▶ Instructions to follow
Print every record exactly, omitting all pictures.

▶ Data

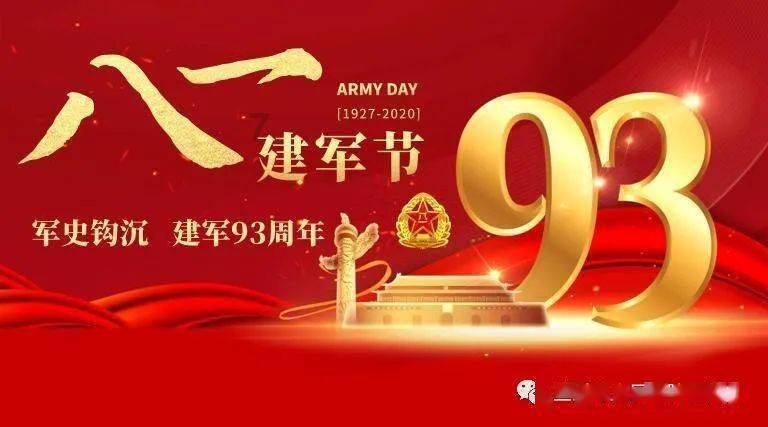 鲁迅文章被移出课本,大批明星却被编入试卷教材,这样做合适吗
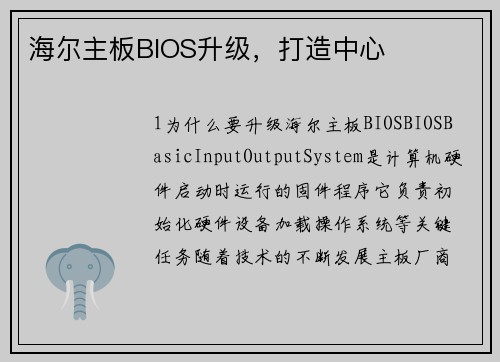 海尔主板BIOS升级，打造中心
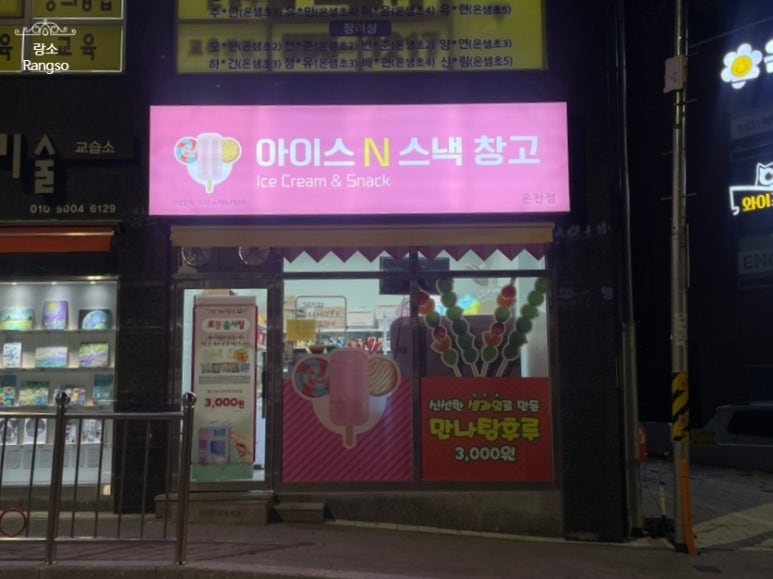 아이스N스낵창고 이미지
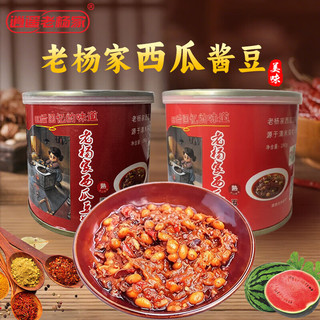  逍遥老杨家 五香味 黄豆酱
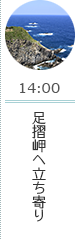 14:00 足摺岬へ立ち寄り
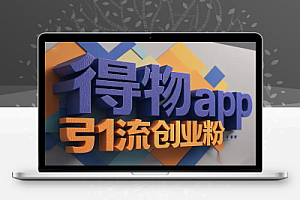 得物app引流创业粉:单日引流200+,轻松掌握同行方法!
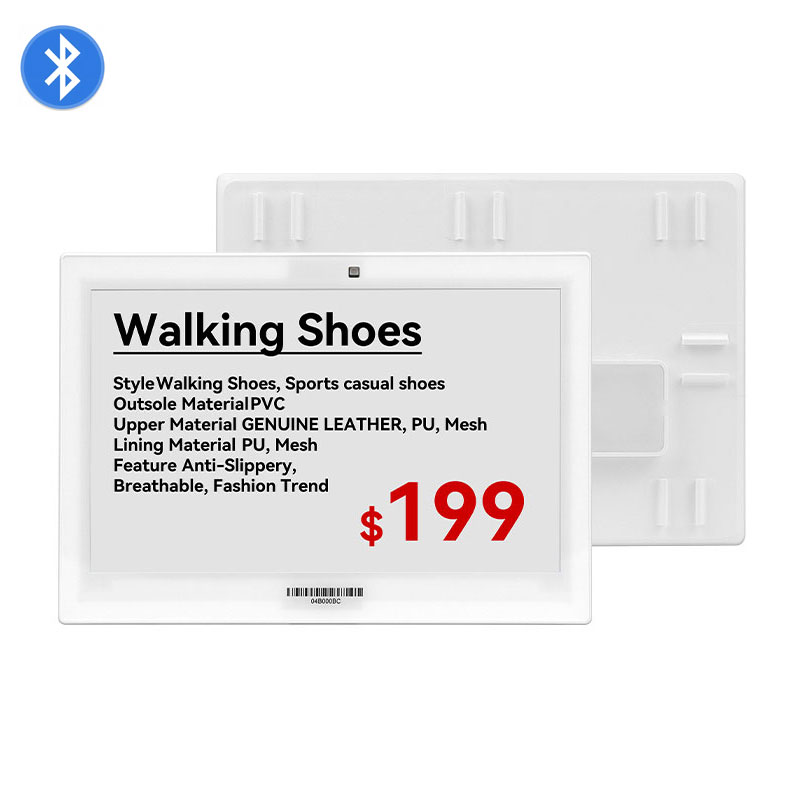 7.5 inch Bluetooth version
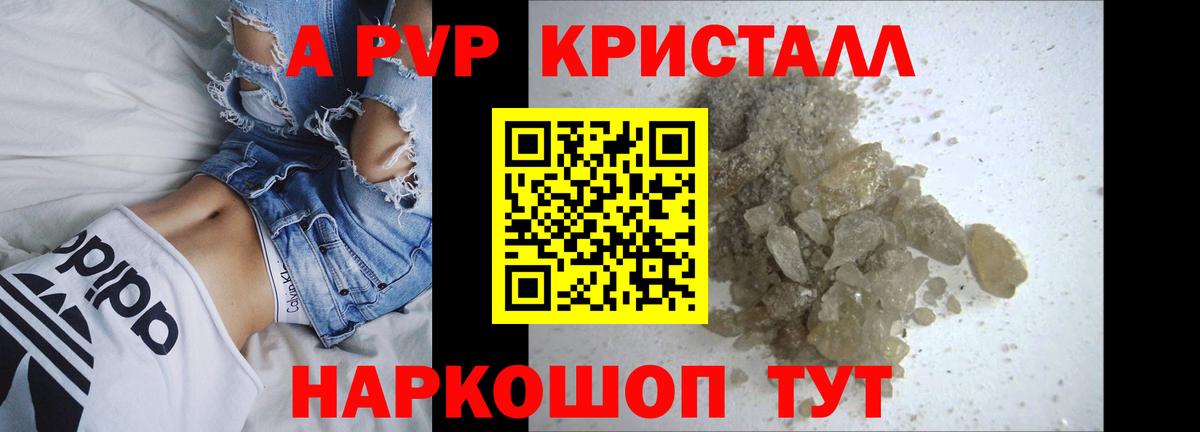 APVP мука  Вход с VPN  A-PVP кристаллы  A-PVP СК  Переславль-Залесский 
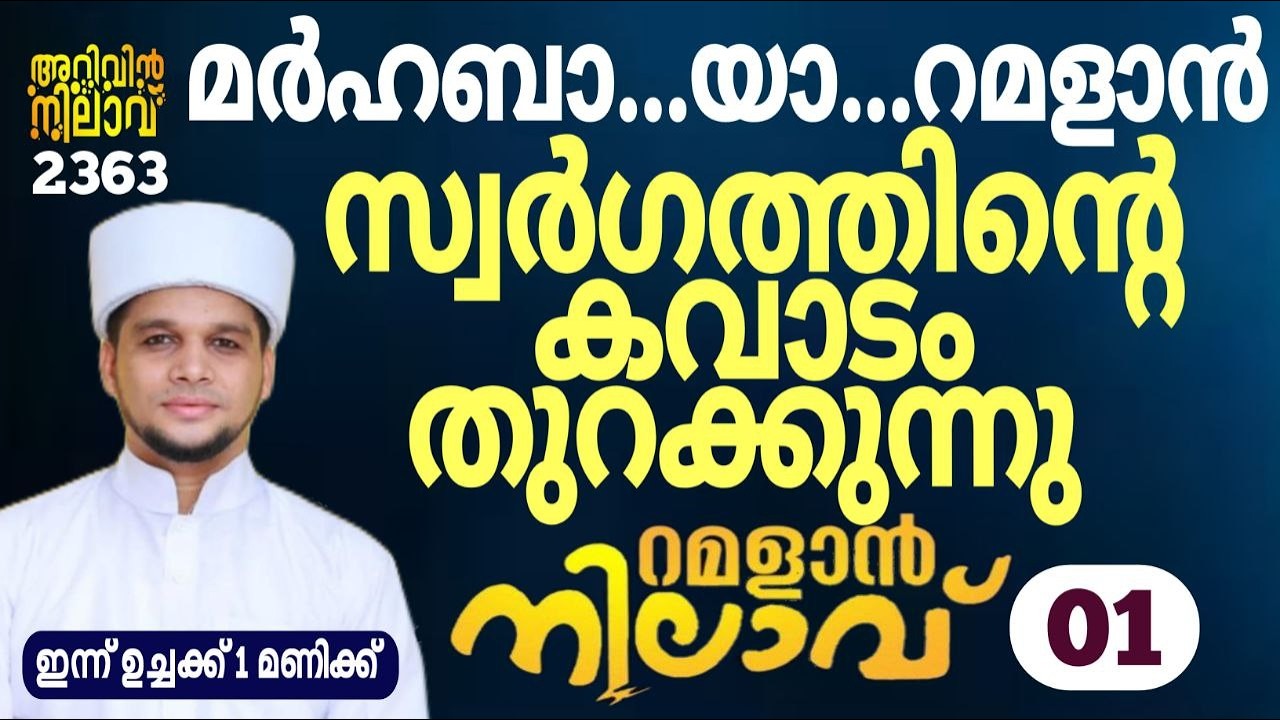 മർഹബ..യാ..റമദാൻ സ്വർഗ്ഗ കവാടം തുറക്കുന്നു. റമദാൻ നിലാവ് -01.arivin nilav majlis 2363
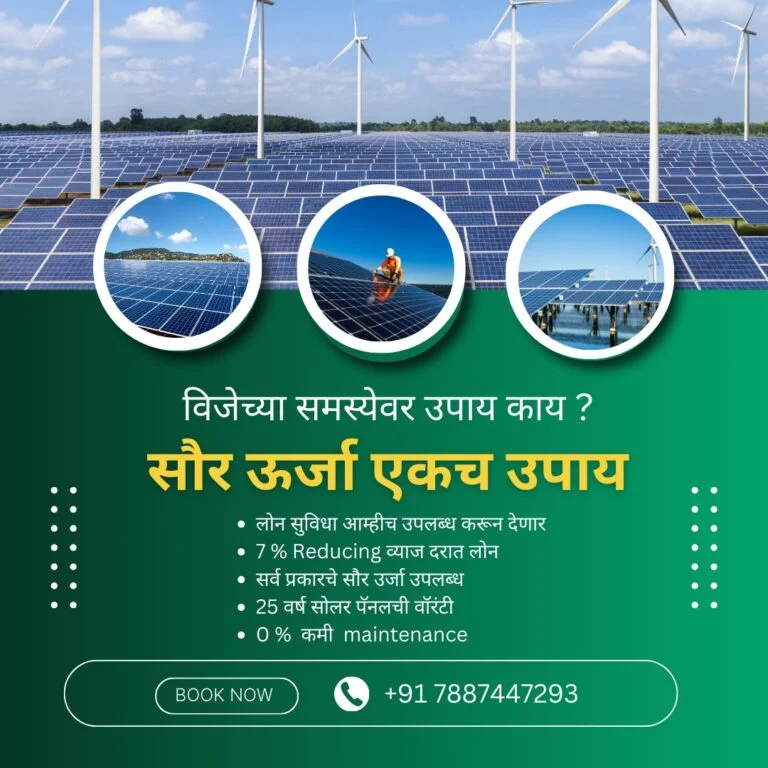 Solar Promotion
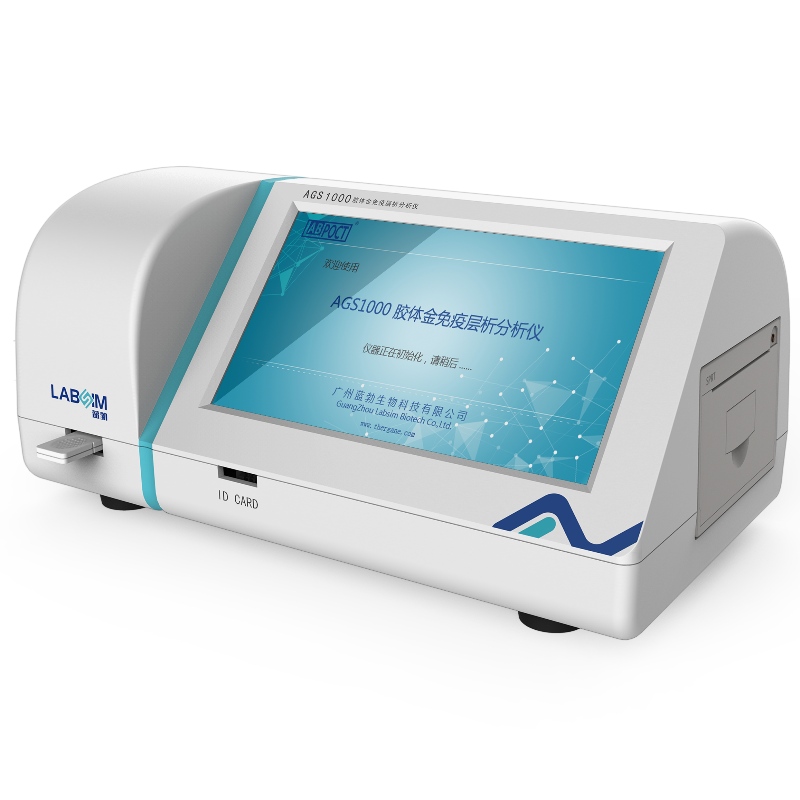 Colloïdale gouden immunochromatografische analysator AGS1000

▶ Written solution
 鲁迅文章被移出课本,大批明星却被编入试卷教材,这样做合适吗
 海尔主板BIOS升级，打造中心
 아이스N스낵창고 이미지
  逍遥老杨家 五香味 黄豆酱
 14:00 足摺岬へ立ち寄り
 得物app引流创业粉:单日引流200+,轻松掌握同行方法!
 7.5 inch Bluetooth version
 APVP мука  Вход с VPN  A-PVP кристаллы  A-PVP СК  Переславль-Залесский 
 മർഹബ..യാ..റമദാൻ സ്വർഗ്ഗ കവാടം തുറക്കുന്നു. റമദാൻ നിലാവ് -01.arivin nilav majlis 2363
 Solar Promotion
 Colloïdale gouden immunochromatografische analysator AGS1000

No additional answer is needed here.